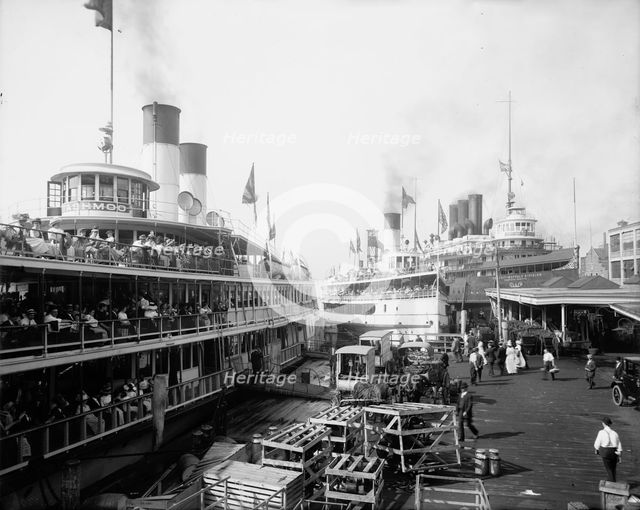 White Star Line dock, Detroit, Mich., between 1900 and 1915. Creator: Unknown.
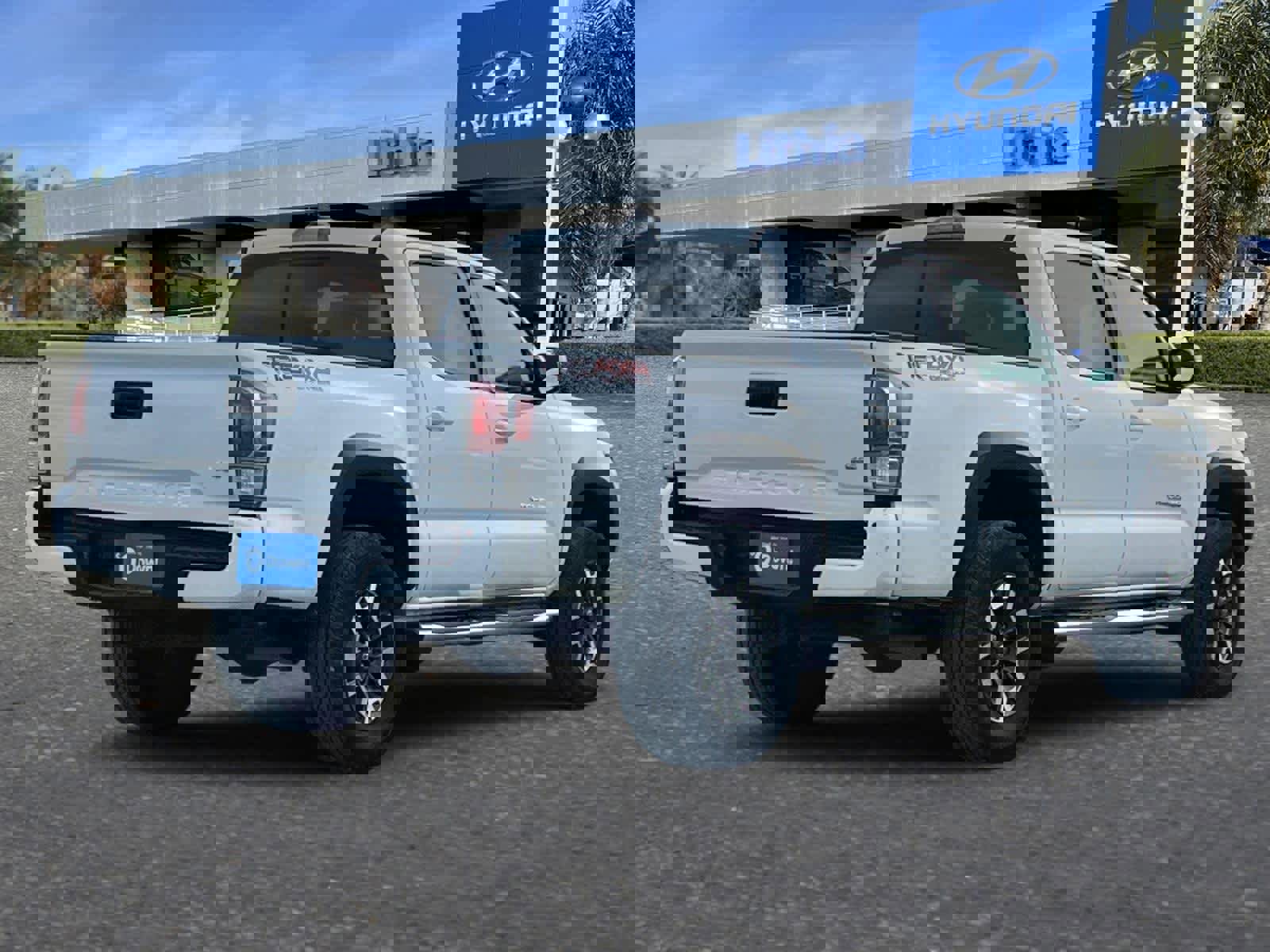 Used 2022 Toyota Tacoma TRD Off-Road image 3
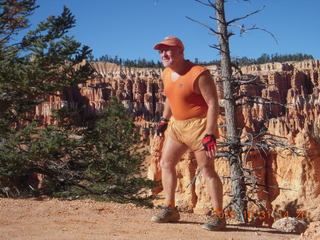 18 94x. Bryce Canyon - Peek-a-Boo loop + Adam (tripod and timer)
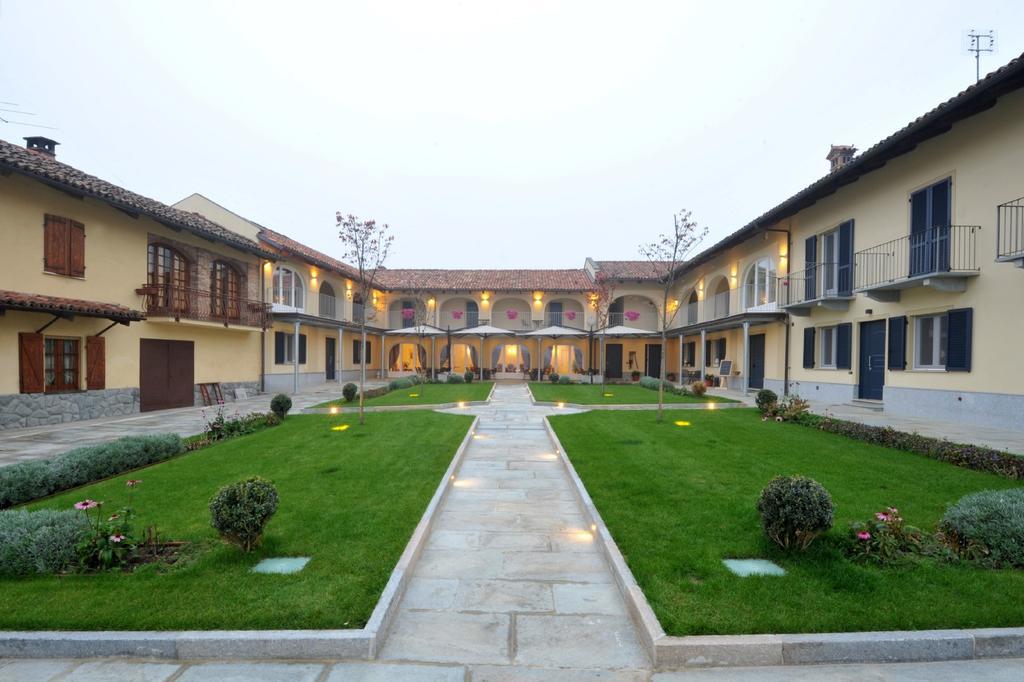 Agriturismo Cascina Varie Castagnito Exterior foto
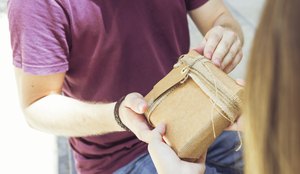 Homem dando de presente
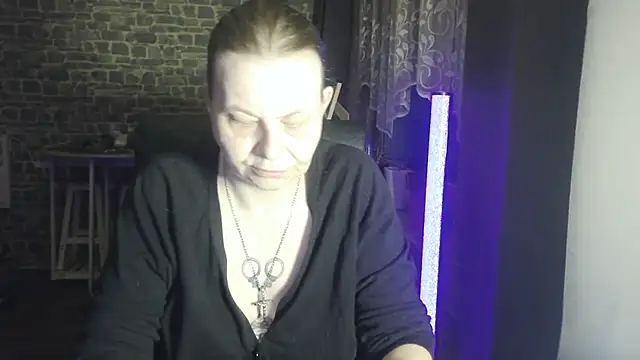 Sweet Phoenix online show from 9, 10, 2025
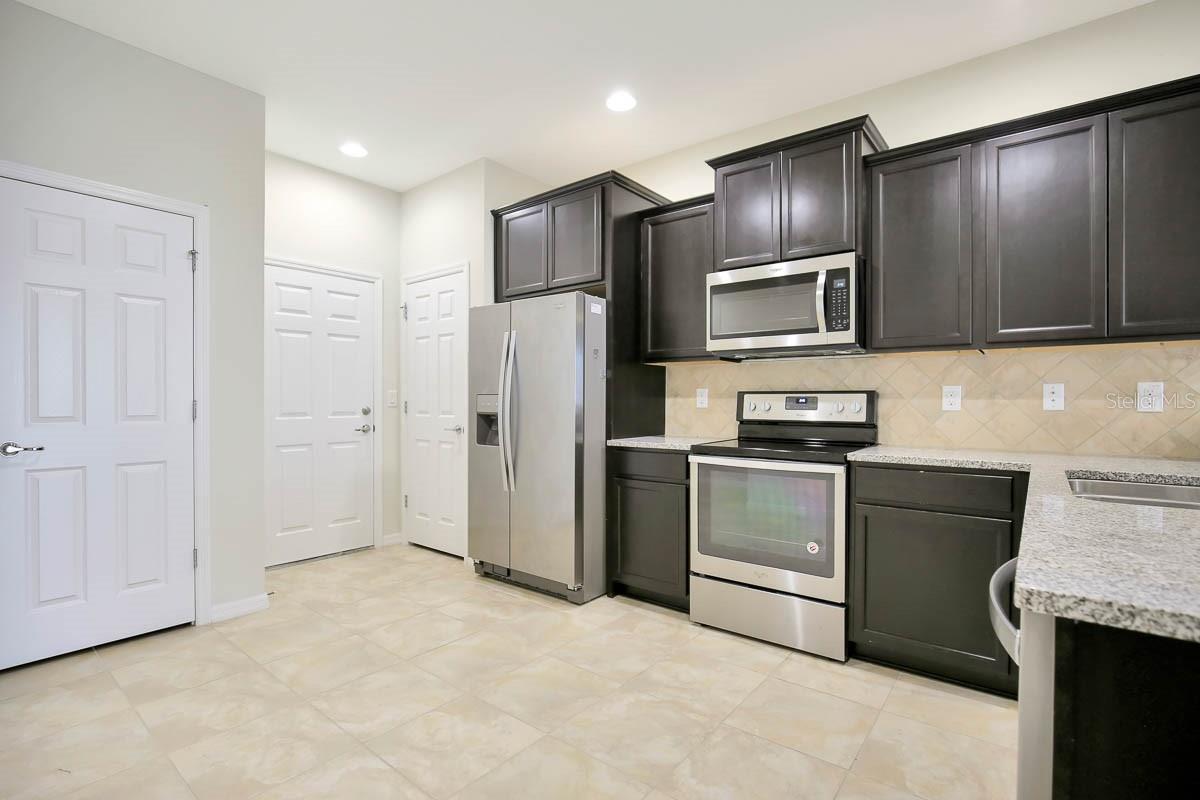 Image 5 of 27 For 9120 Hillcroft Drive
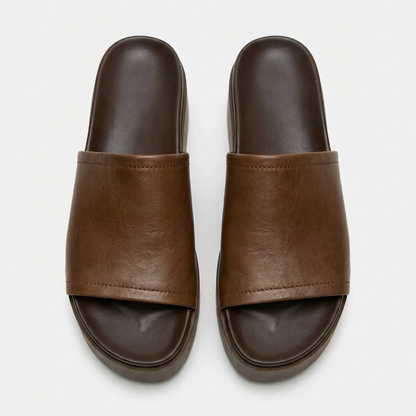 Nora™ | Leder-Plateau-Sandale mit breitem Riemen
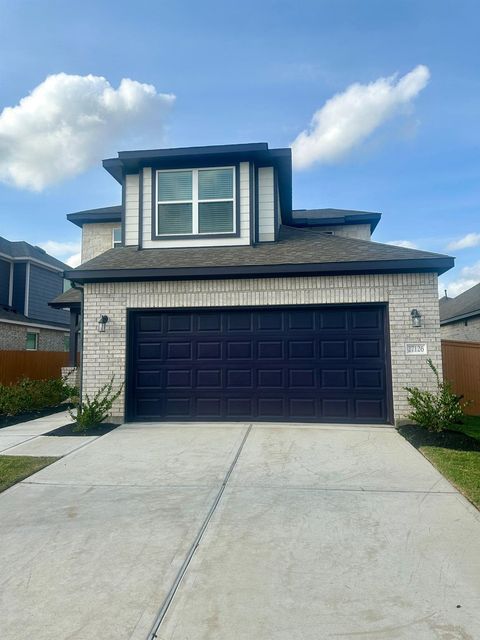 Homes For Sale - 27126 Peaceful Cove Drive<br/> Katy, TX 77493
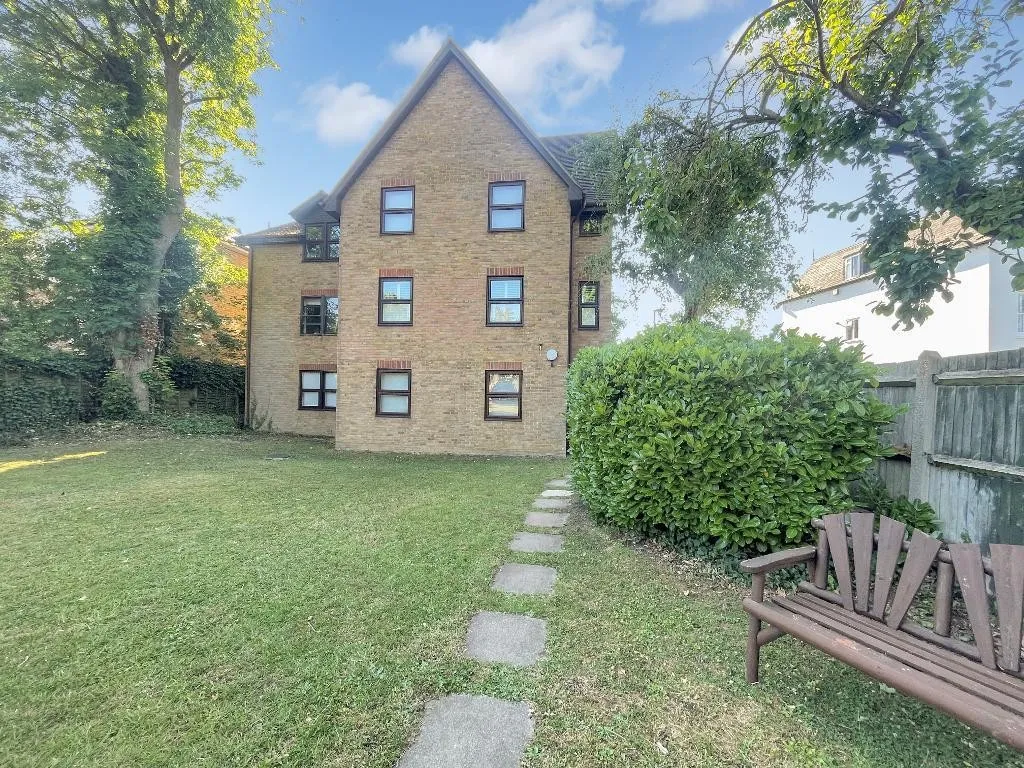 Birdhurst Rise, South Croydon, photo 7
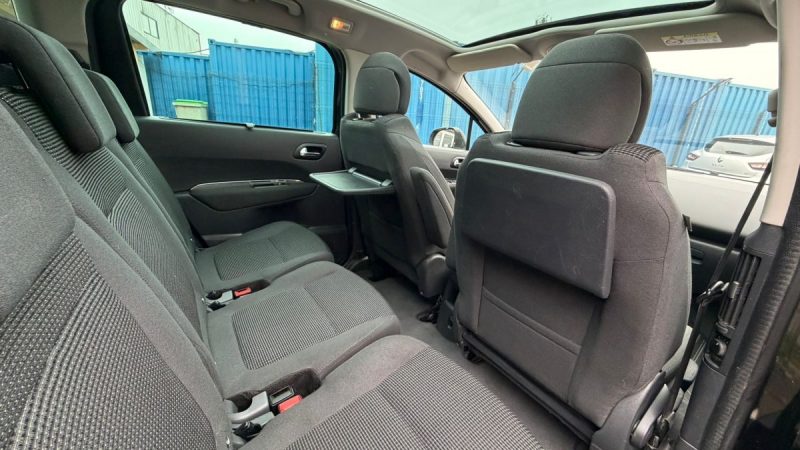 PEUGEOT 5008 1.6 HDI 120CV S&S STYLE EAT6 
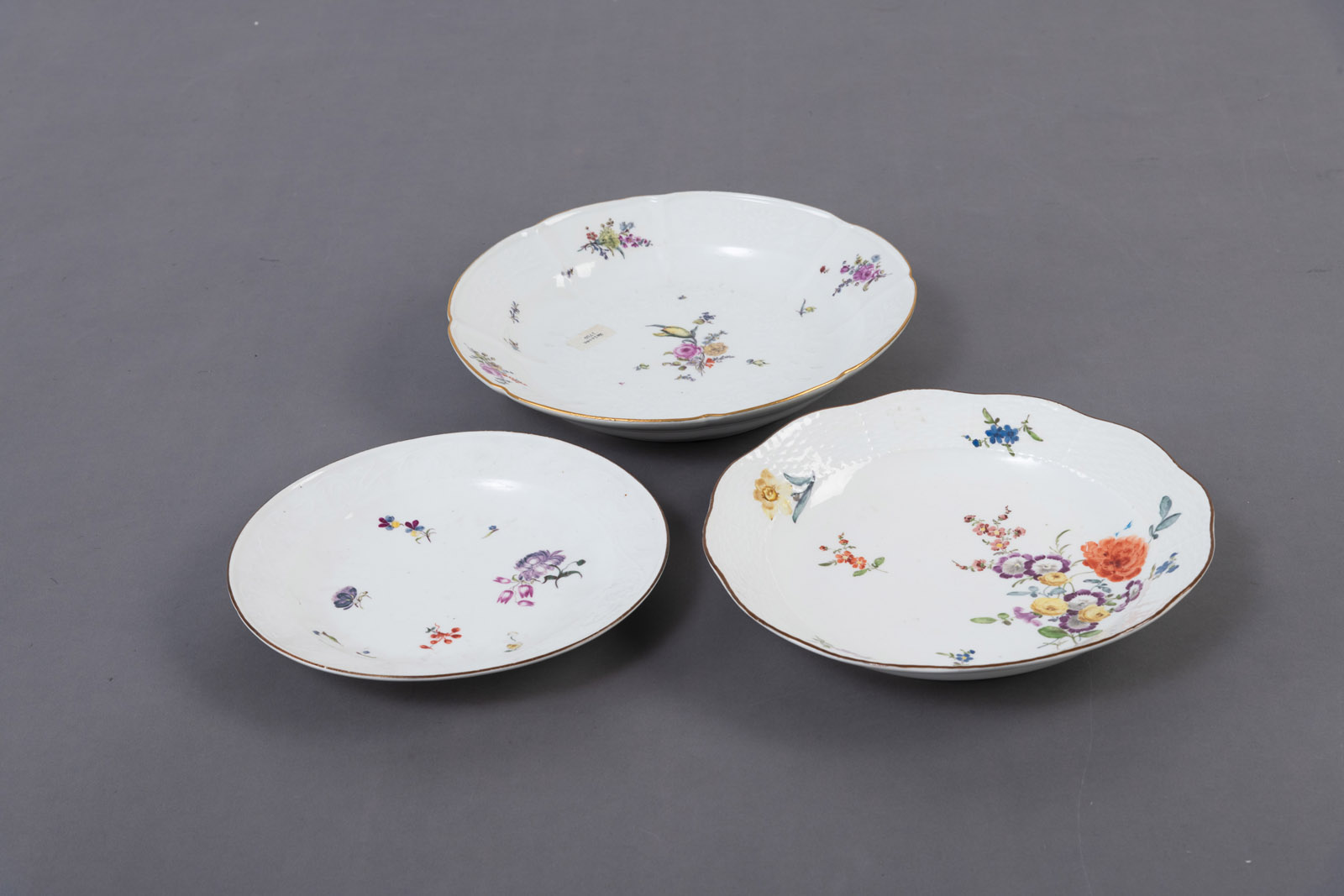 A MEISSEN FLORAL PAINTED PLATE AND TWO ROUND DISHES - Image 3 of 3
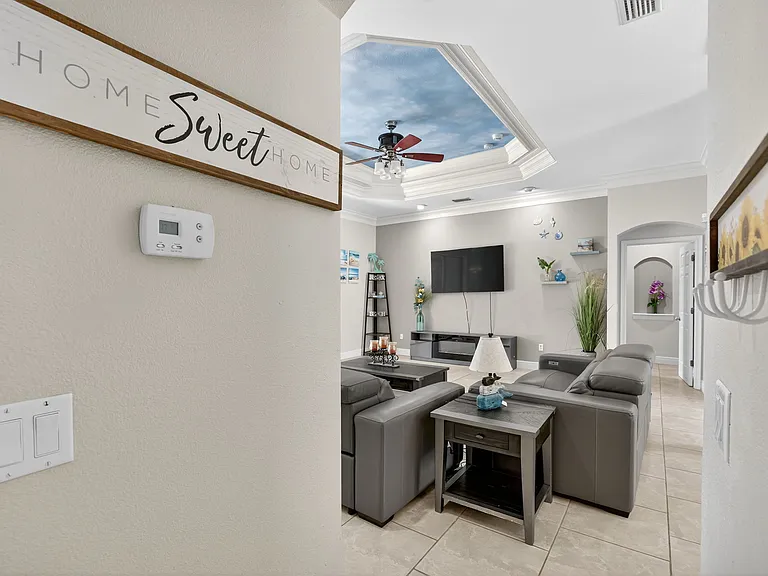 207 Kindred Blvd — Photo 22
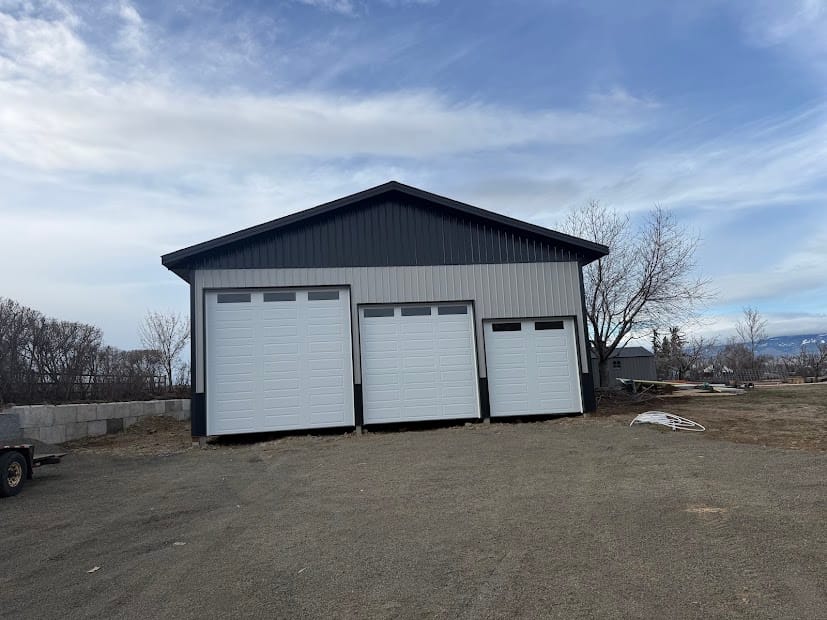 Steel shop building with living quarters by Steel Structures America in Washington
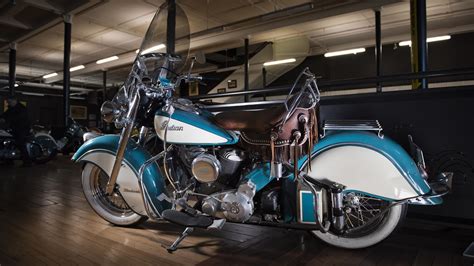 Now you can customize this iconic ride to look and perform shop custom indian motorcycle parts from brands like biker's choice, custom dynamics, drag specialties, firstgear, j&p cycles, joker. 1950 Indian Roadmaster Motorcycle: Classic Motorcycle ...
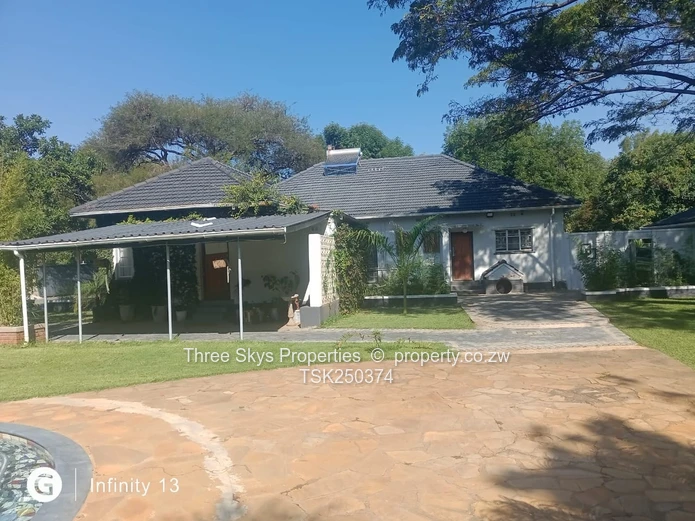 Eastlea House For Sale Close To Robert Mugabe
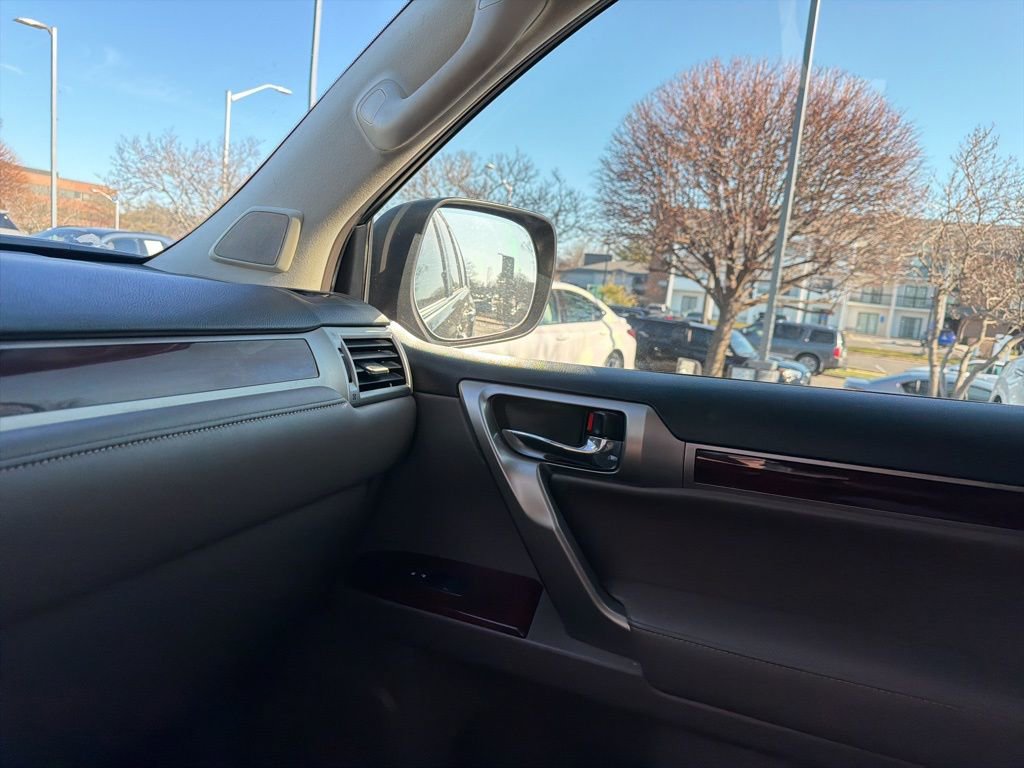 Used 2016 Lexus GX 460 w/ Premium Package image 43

_____

▶ _Exercise requirements_: Beginning with the line where "PEUGEOT 5008 1.6 HDI 120CV S&S STYLE EAT6" appears, restate word for word every line down to the last one in the data, but keep the pictures out.

▶ _Task solution_:
 PEUGEOT 5008 1.6 HDI 120CV S&S STYLE EAT6 
 A MEISSEN FLORAL PAINTED PLATE AND TWO ROUND DISHES - Image 3 of 3
 207 Kindred Blvd — Photo 22
 Steel shop building with living quarters by Steel Structures America in Washington
 Now you can customize this iconic ride to look and perform shop custom indian motorcycle parts from brands like biker's choice, custom dynamics, drag specialties, firstgear, j&p cycles, joker. 1950 Indian Roadmaster Motorcycle: Classic Motorcycle ...
 Eastlea House For Sale Close To Robert Mugabe
 Used 2016 Lexus GX 460 w/ Premium Package image 43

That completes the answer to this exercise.